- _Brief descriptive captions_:
BEGIN

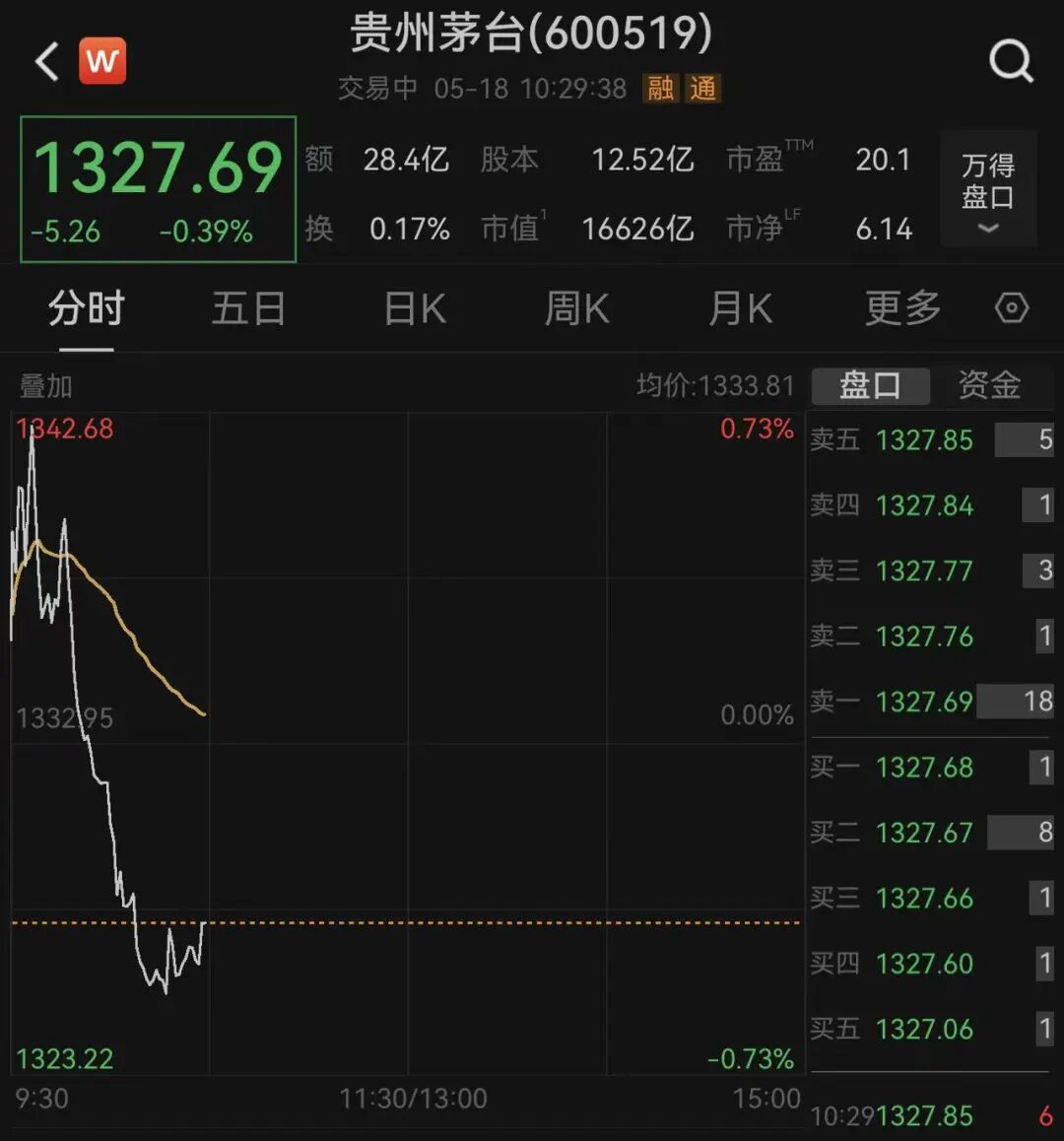 A股“新股王”诞生！688808，股价反超贵州茅台｜盘中速报 (http://www.999law.cn/) sxw 第1张
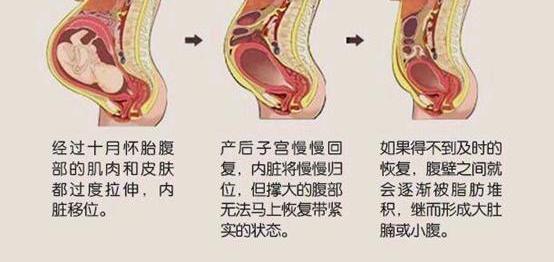 坐月子到底多少天好呢， 产褥期42天是产后恢复关键期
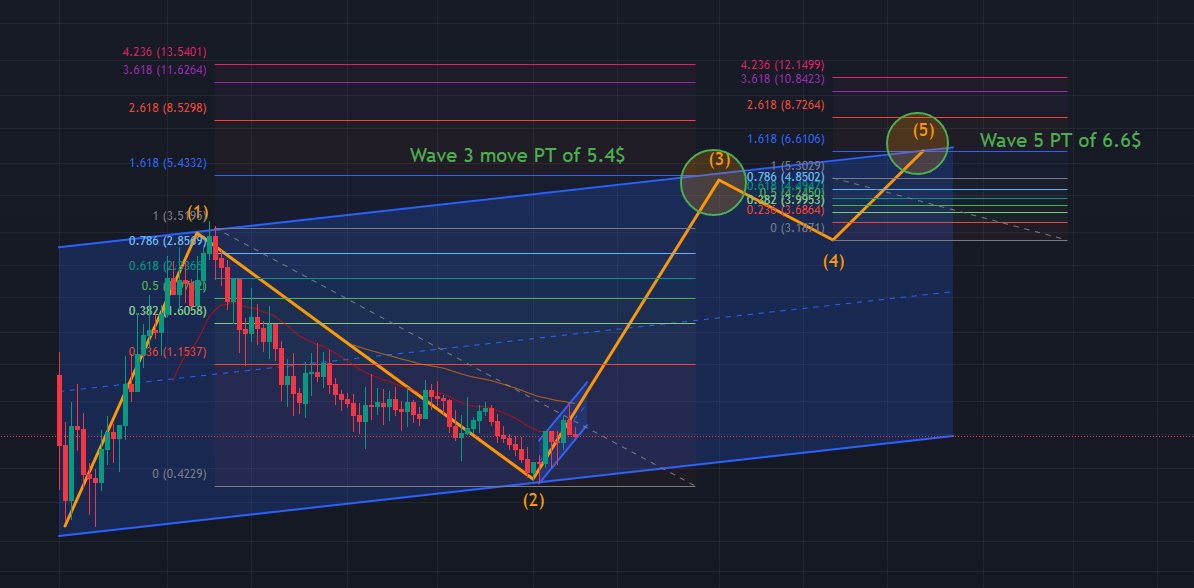 clumsykid tweet media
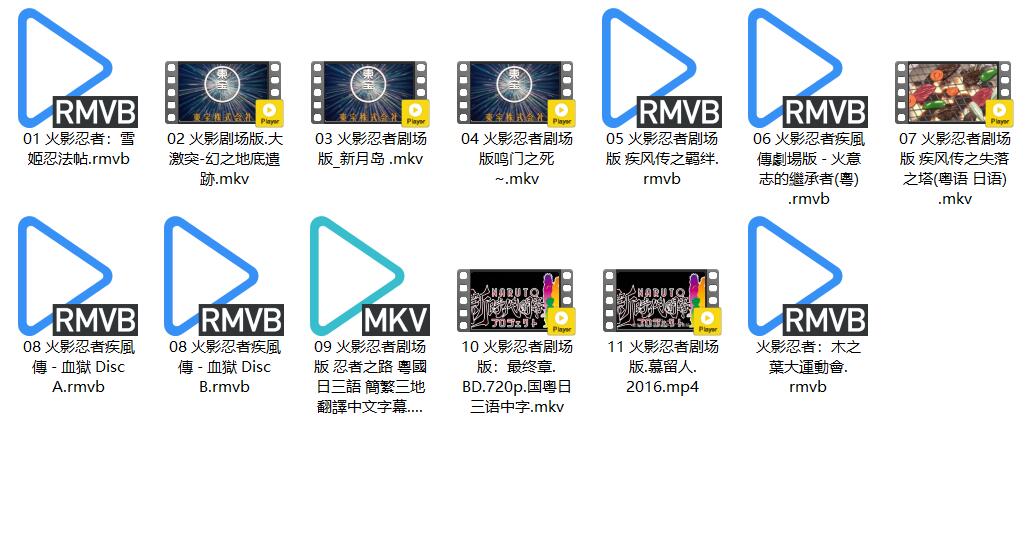 插图:《火影忍者》+剧场版粤日双语版全720集 | 720P高清+中文字幕 | 粤语动画 | 百度网盘/夸克网盘，编号:186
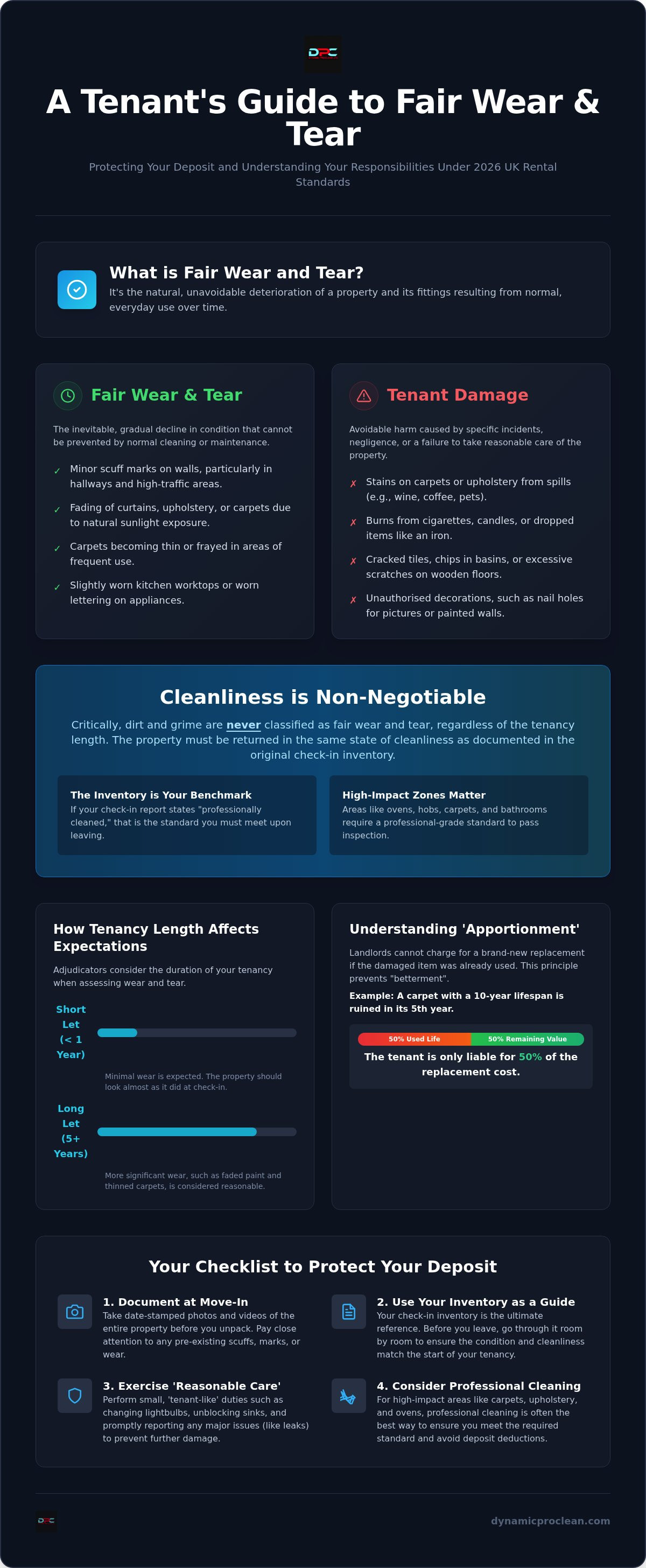 Fair wear and tear cleaning guide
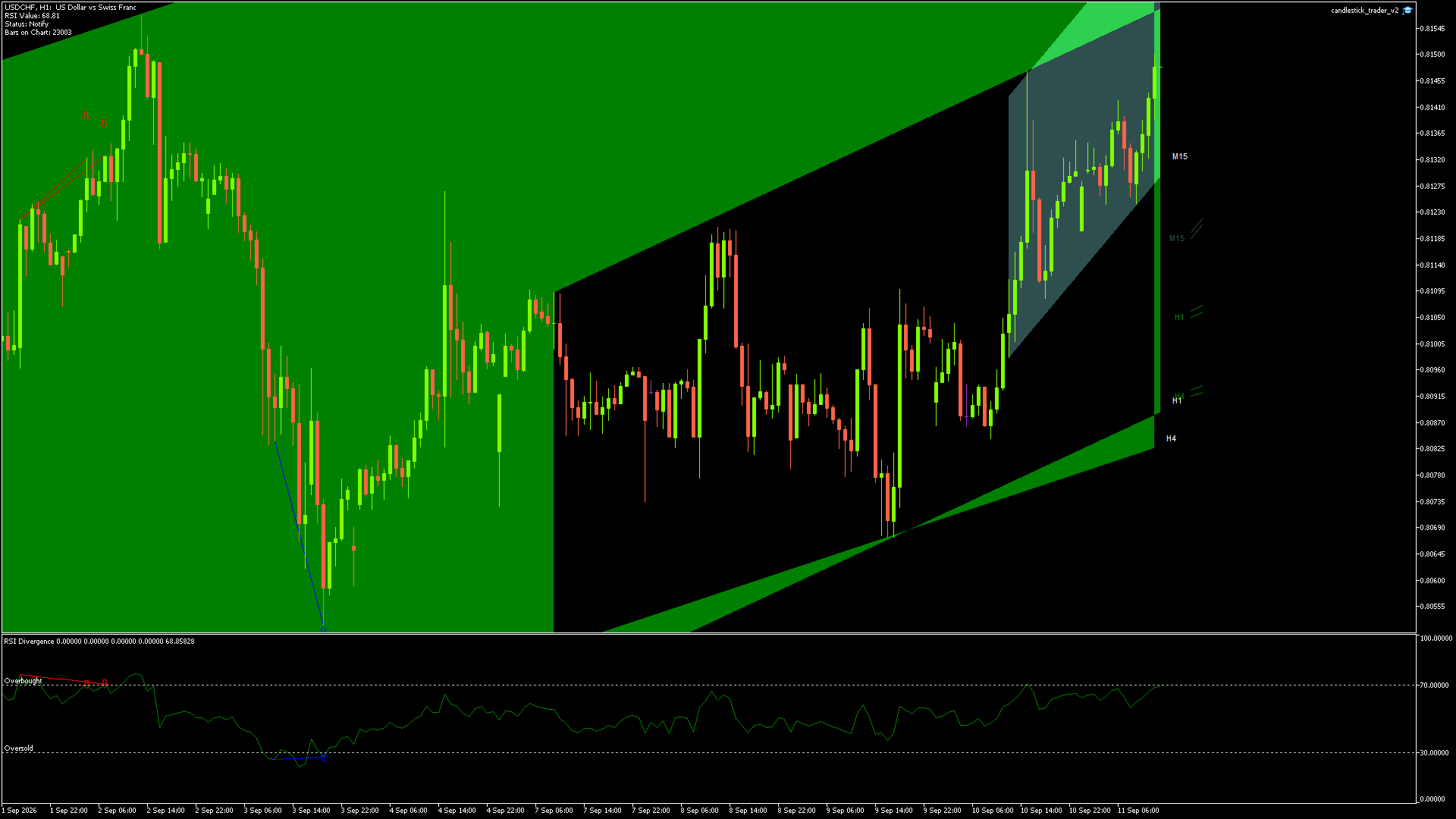 USDCHF - 11/09/2026 / 11:00:01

END

- _Try it_: Every line from the one containing "插图:《火影忍者》+剧场版粤日双语版全720集 | 720P高清+中文字幕" through the end of the entries above is to be copied exactly; pictures are to be left out.

- _Expected answer_:
 插图:《火影忍者》+剧场版粤日双语版全720集 | 720P高清+中文字幕 | 粤语动画 | 百度网盘/夸克网盘，编号:186
 Fair wear and tear cleaning guide
 USDCHF - 11/09/2026 / 11:00:01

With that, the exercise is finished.